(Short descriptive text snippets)
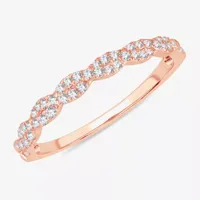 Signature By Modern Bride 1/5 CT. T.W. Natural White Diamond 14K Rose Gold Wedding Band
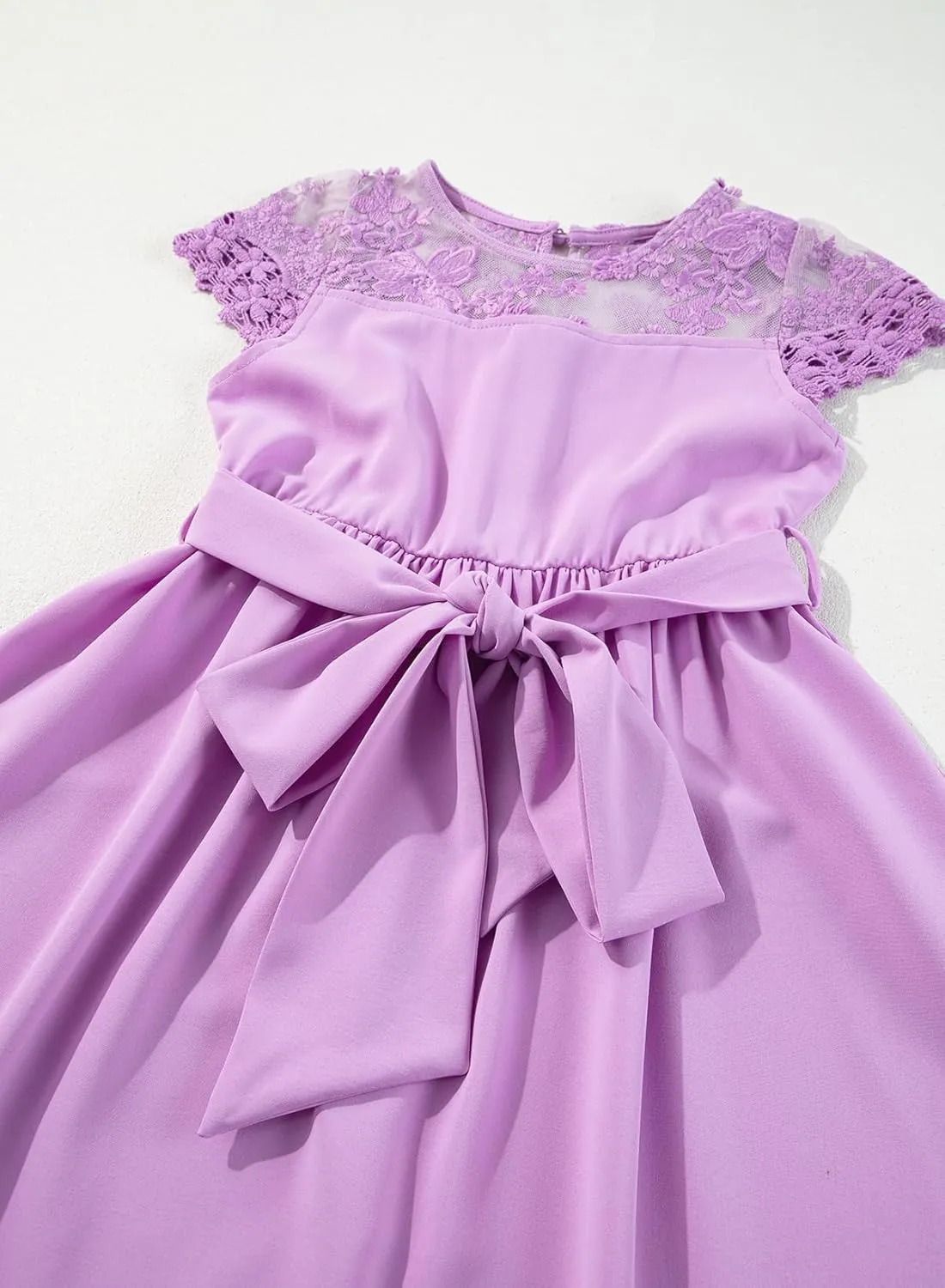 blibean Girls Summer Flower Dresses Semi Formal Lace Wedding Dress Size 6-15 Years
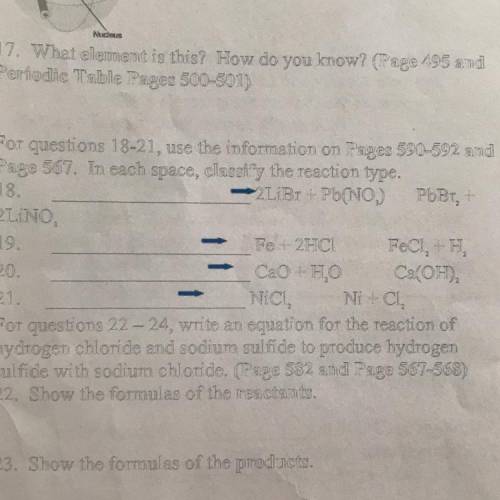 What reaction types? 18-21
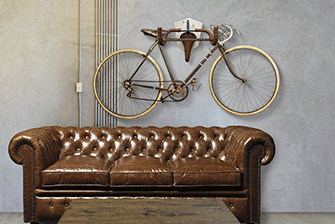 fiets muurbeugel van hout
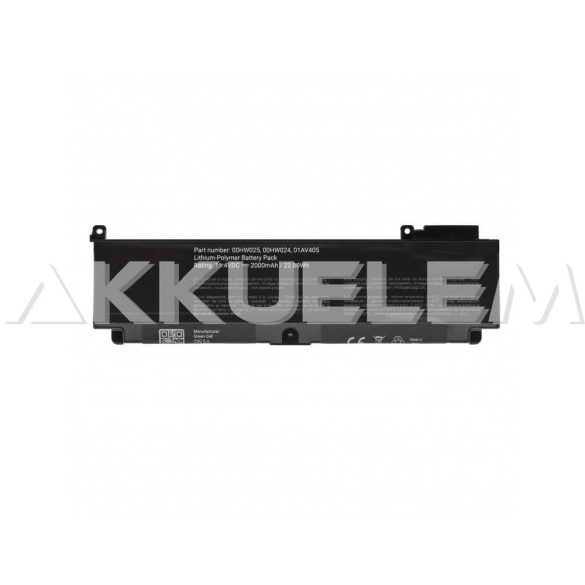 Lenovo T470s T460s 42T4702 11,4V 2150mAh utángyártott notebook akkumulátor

:: Problem description ::
What is needed is an exact copy of all the data, with no images in it.

:: Result of the exercise ::
 Signature By Modern Bride 1/5 CT. T.W. Natural White Diamond 14K Rose Gold Wedding Band
 blibean Girls Summer Flower Dresses Semi Formal Lace Wedding Dress Size 6-15 Years
 What reaction types? 18-21
 fiets muurbeugel van hout
 Lenovo T470s T460s 42T4702 11,4V 2150mAh utángyártott notebook akkumulátor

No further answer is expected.